From the Death Valley turtleback detachment.
Death Valley is an active rift linked to strike-slip faults. Exposed in the footwall of the modern rift is a somewhat older, extensive fault surface that is folded in shapes so that they are called turtlebacks. This image is a small part of that slip surface. The brown rocks are sandstones and conglomerates that are part of the rift fill, while the underlying greenish rocks are basement rocks that have been mylonitized, brecciated, chloritized and otherwise mutilated by the fault movement. You can see orange staining along the fault surface, which likely reflects groundwater processes. Note how the sandstone comes in at an angle, but then follows the fault surface for some distance before pinching out. There is debate on how much movement has occurred on this fault surface, but kilometers is minimal, and tens of kilometers has been proposed.

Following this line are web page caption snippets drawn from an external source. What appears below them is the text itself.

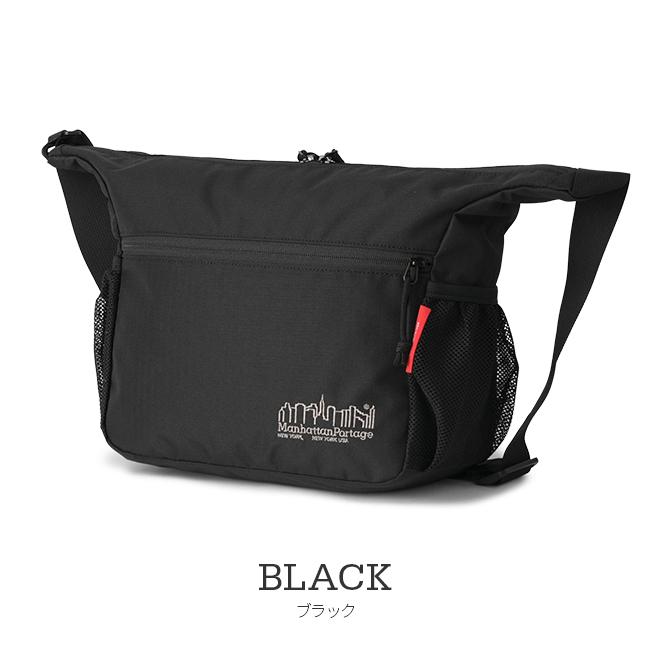 Manhattan Portage（マンハッタンポーテージ） 最大41% 2/15限定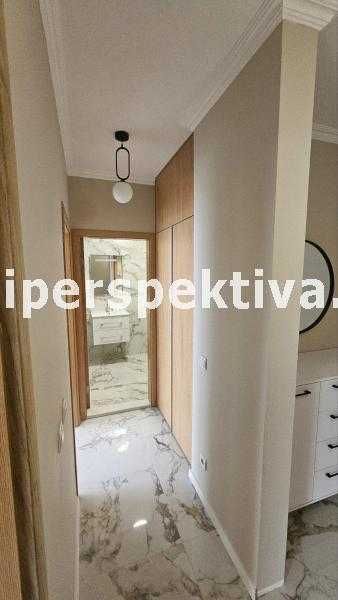 Продава се Двустаен апартамент в Пловдив, Кършияка - 80 кв.м за 2000 €/кв.м - Снимка #9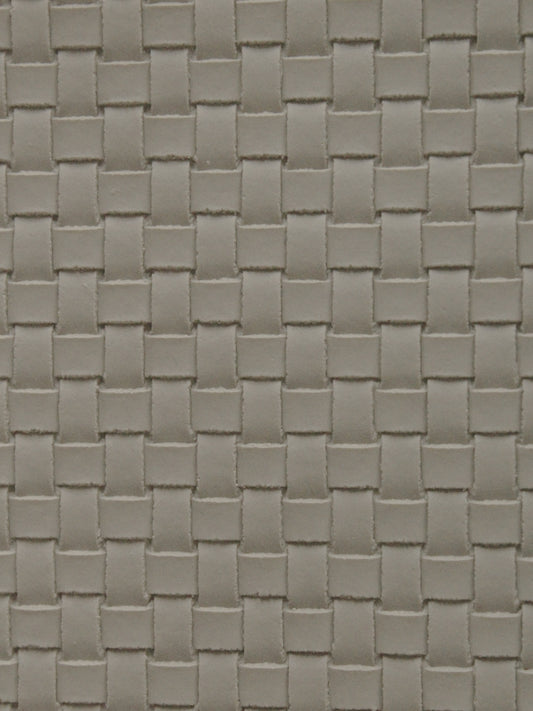 Veneto - Taupe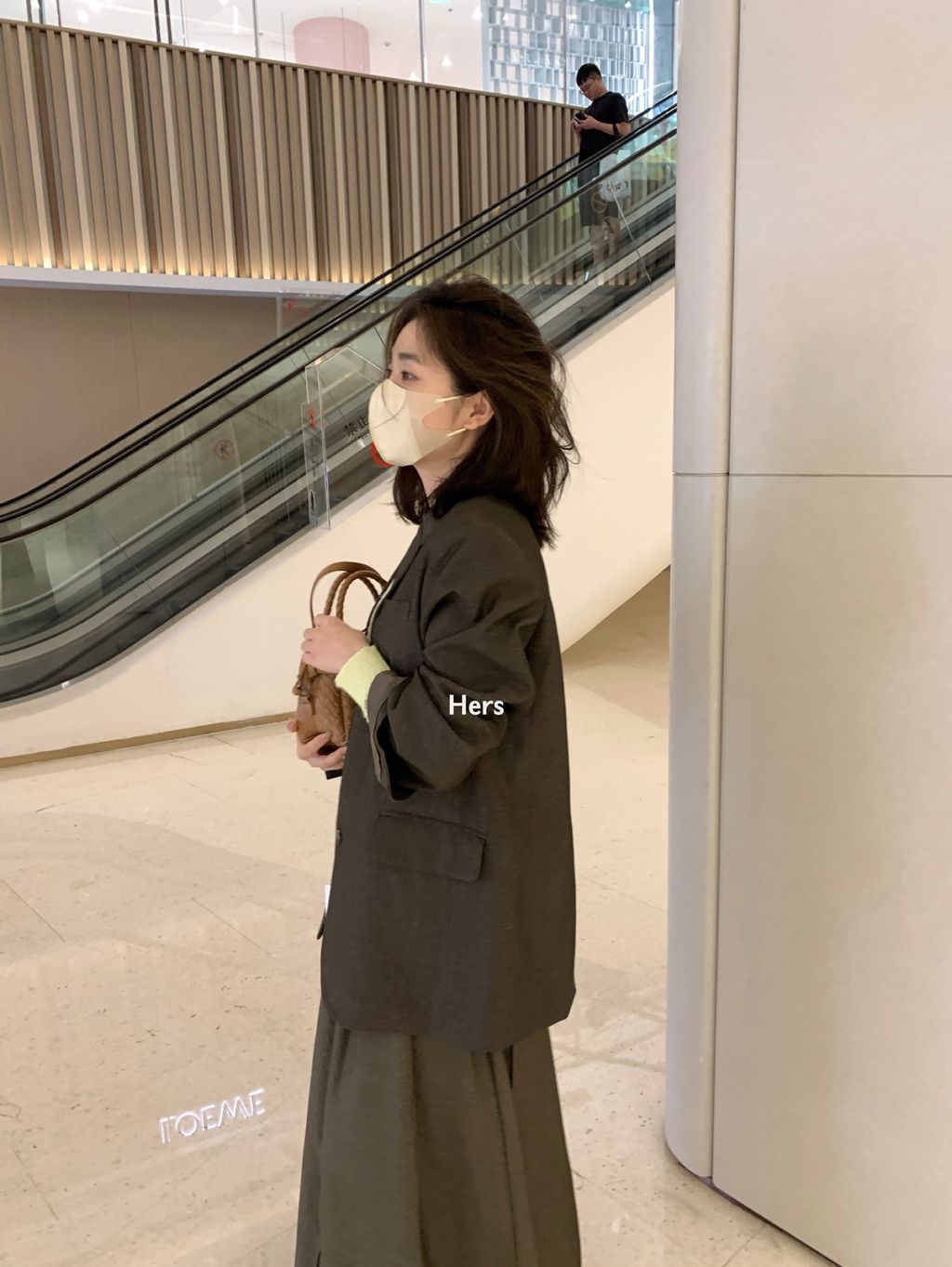 image_1A729CF8-24CA-4F1F-A117-584447AA8704_1755527568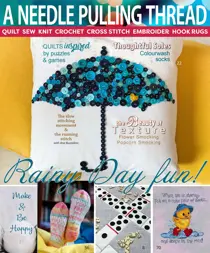 Issue 49 
                issue Issue 49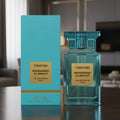 Tom Ford - Mandarino di Amalfi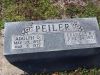 Filename=Peiler__Adolph_D_and_Frances_R.JPG
Filesize=224KiB
Dimensions=858x644
Date added=Mar 23, 2012 Peiler__Adolph_D_and_Frances_R.JPG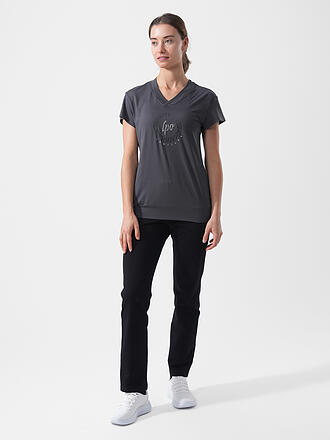 LPO | Camiseta Christel para mujer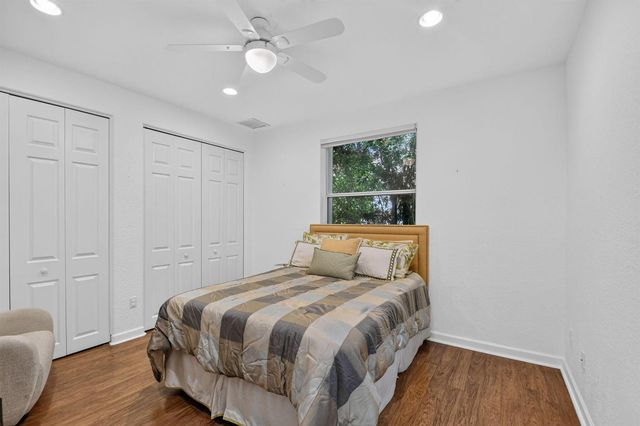 4936 Exeter Estate Lane, Lake Worth, FL 33449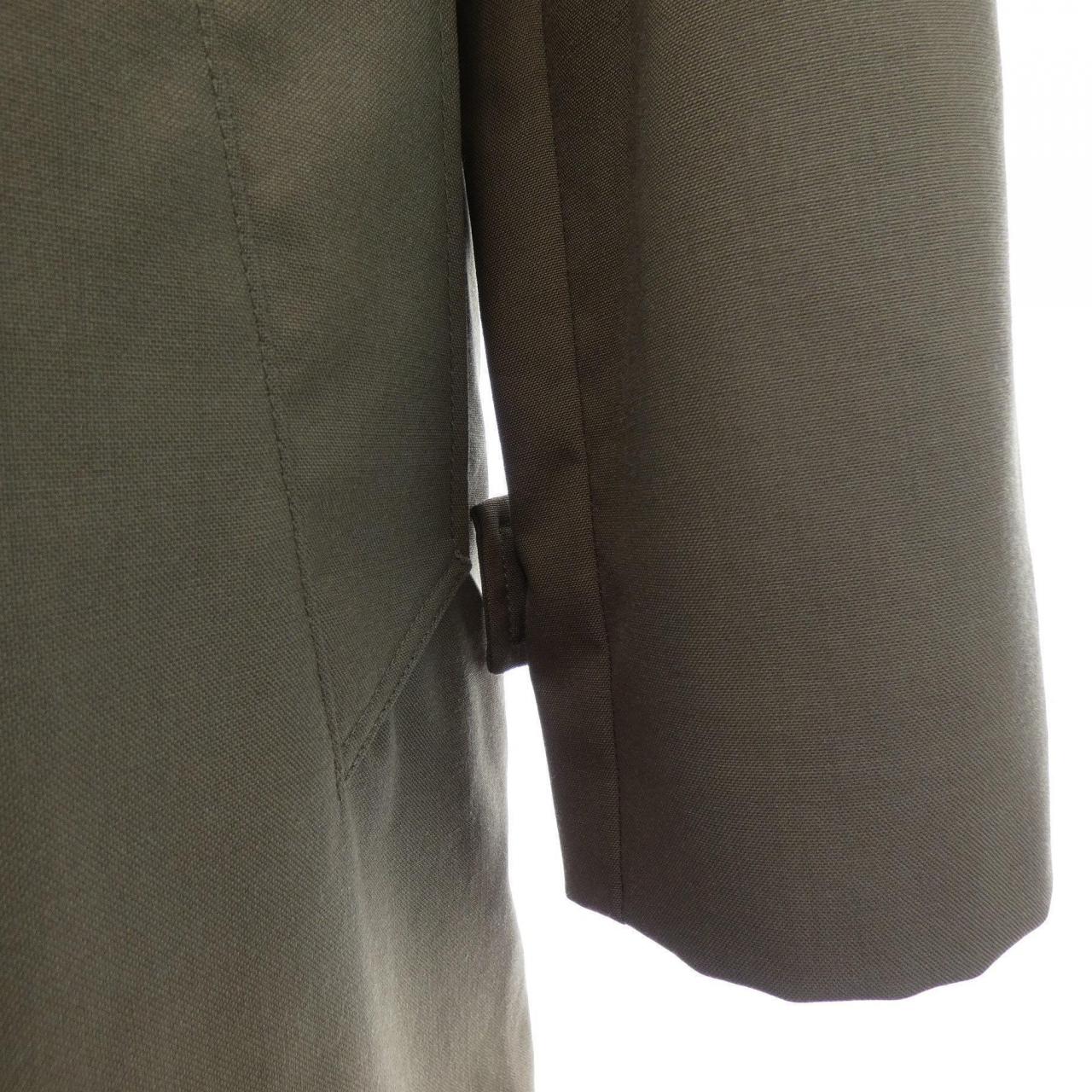 マルニ MARNI TUMU0049U0S45455 コート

These are quartz-feldspathic rocks in the immediate footwall of the Death Valley turtleback detachment. These were migmatitic basement rocks before fault shearing. Distributed discrete slip surfaces, such as the one that the pencil points to can be seen to permeate this rock, all with hanging wall down displacement (consistent with the detachment being a low angle normal fault). Finely distributed slip is also concentrated in the darker more mica rich rocks. Mica is a very important mineral in controlling rock deformational behavior. A close looks also shows feldspars in the compositional layering to have an augen shape, consistent with more ductile deformation. This is interpreted as an earlier phase of ductile fault movement overprinted by the later more brittle phase.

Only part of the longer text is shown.